You may choose one of the identification options for our crawler*, which can crawl your website as follows:
- Standard browser – crawler uses this option by default and is a recommended one. Your website will load the same way your regular visitors see it.
- Googlebot – this option is used to crawl your website as Google's crawler sees it. Our crawler will be signed in the same way as Google's web search bot (Googlebot/2.1)
- YandexBot – this option is used to crawl your website as Yandex search bot sees it. Our crawler will be signed in the same way as the main Yandex search bot (YandexBot/3.0)
- Baiduspider - our crawler will be signed in the same way as the Baidu Web Search Bot.
- Mysitemapgenerator – use direct identification of our crawler if you need separate control settings and an ability to manage website access.

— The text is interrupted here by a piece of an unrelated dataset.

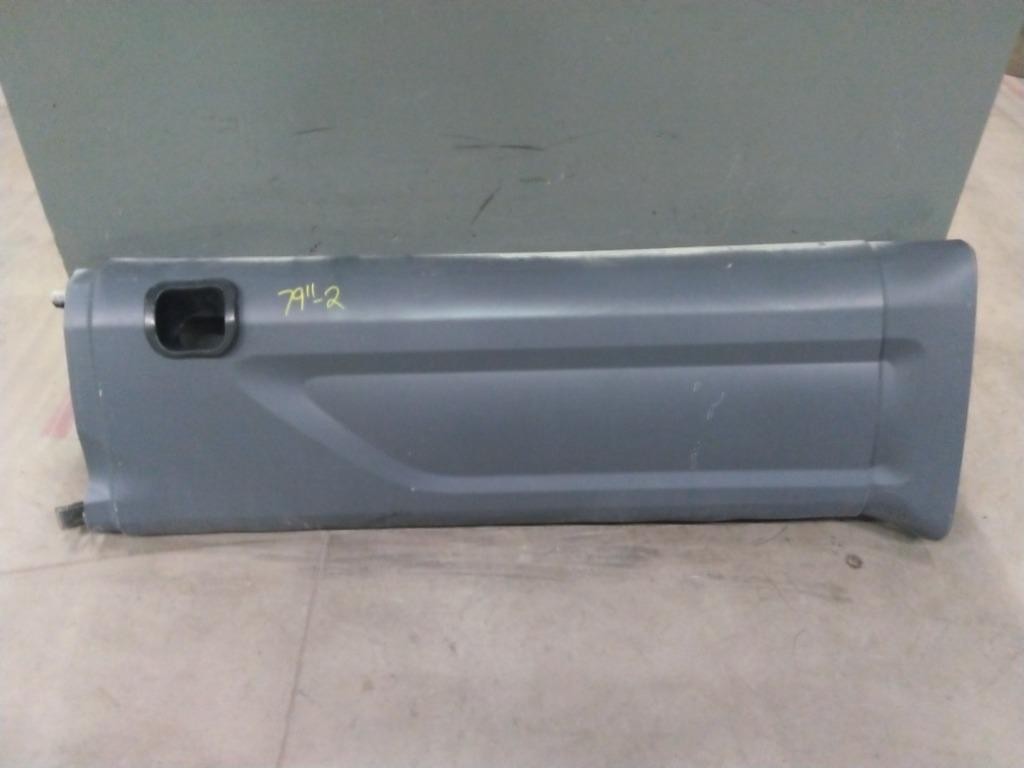 For 2020 PETERBILT 579 SIDE FAIRING Left ,  IL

- When choosing GoogleBot, YandexBot, Baiduspider or Mysitemapgenerator option, only instructions for a particular Bot are considered (User-agent: Googlebot, User-agent: Yandex, User-agent: Baiduspider, User-agent: Mysitemapgenerator – respectively). General instructions (in the User-agent: * section) will be used only if there are no “personal” ones.
- If you are using Standard browser or Mysitemapgenerator, our crawler will consider only instructions in the Mysitemapgenerator section (User-agent: Mysitemapgenerator), and if it is missing, in the general section (User-agent: *) of the robots.txt file. Any other "personal" sections (such as User-agent: Googlebot or User-agent: Yandex) are not considered.